Repeat all the data exactly, and where a record holds a picture, leave that picture out.

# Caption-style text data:
------------------------------------
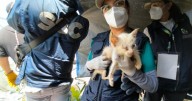 VIDEO: Rescatan 65 gatos en la CDMX en condiciones de "maltrato severo" y en hacinamiento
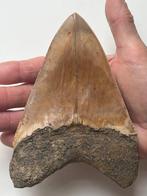 Reusachtige Megalodon-tand 14,5 cm - Fossiele tand -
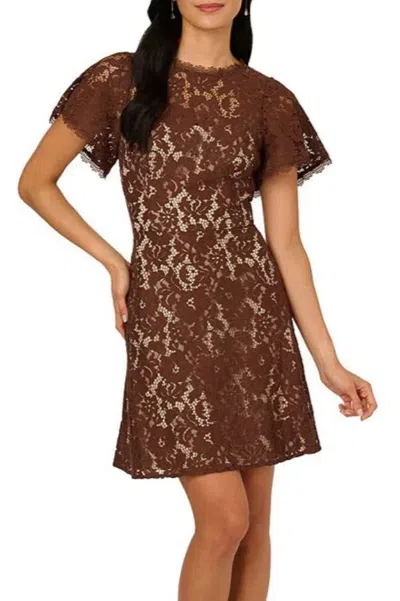 Truedames Illusion Neckline Wide Short Sleeves Define Fit Bodice Lace Overlay A-line Short Dress In Brown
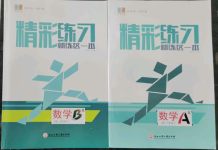 2022年精彩練習(xí)就練這一本七年級數(shù)學(xué)下冊浙教版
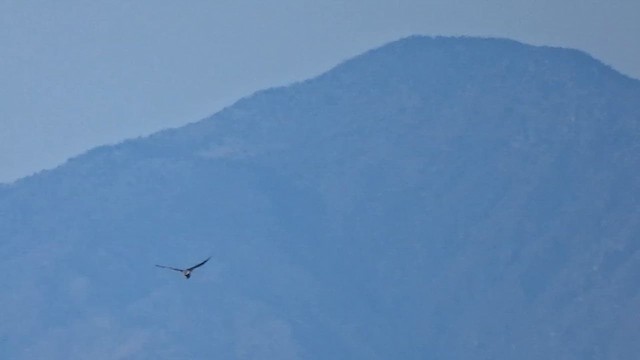 White-tailed Kite - ML615380407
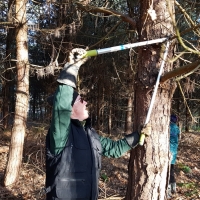 SNTV Pin Milll 2018-12-16 11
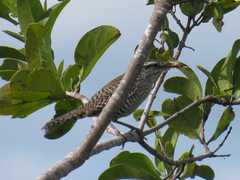 Campylorhynchus yucatanicus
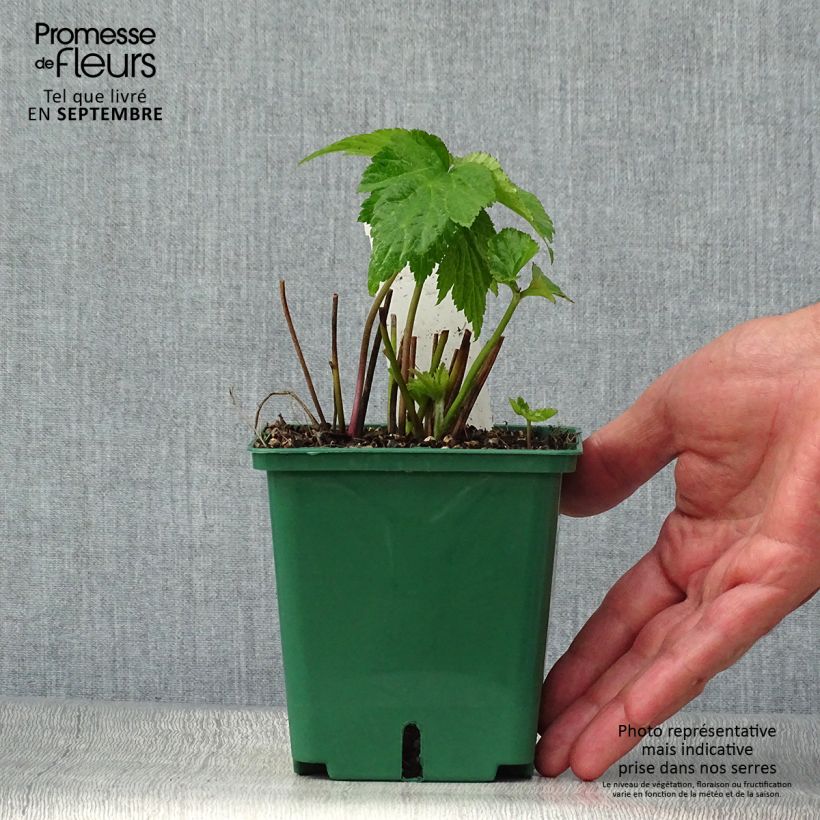 Esemplare di Anemone Whirlwind - Anemone giapponese Vaso da 1,5L/2L come consegnato in autunno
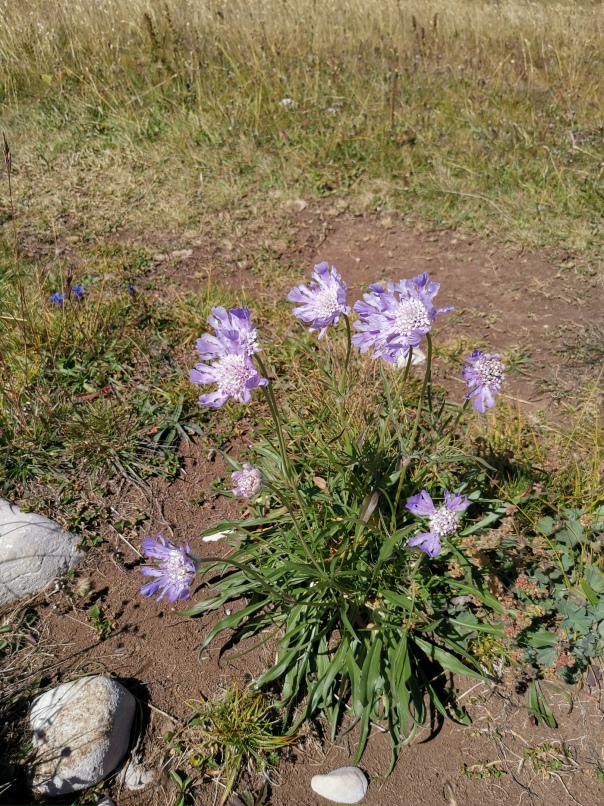 Ирина Аксарина | Санкт-Петербург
------------------------------------
# Answer area:
 VIDEO: Rescatan 65 gatos en la CDMX en condiciones de "maltrato severo" y en hacinamiento
 Reusachtige Megalodon-tand 14,5 cm - Fossiele tand -
 Truedames Illusion Neckline Wide Short Sleeves Define Fit Bodice Lace Overlay A-line Short Dress In Brown
 2022年精彩練習(xí)就練這一本七年級數(shù)學(xué)下冊浙教版
 White-tailed Kite - ML615380407
 SNTV Pin Milll 2018-12-16 11
 Campylorhynchus yucatanicus
 Esemplare di Anemone Whirlwind - Anemone giapponese Vaso da 1,5L/2L come consegnato in autunno
 Ирина Аксарина | Санкт-Петербург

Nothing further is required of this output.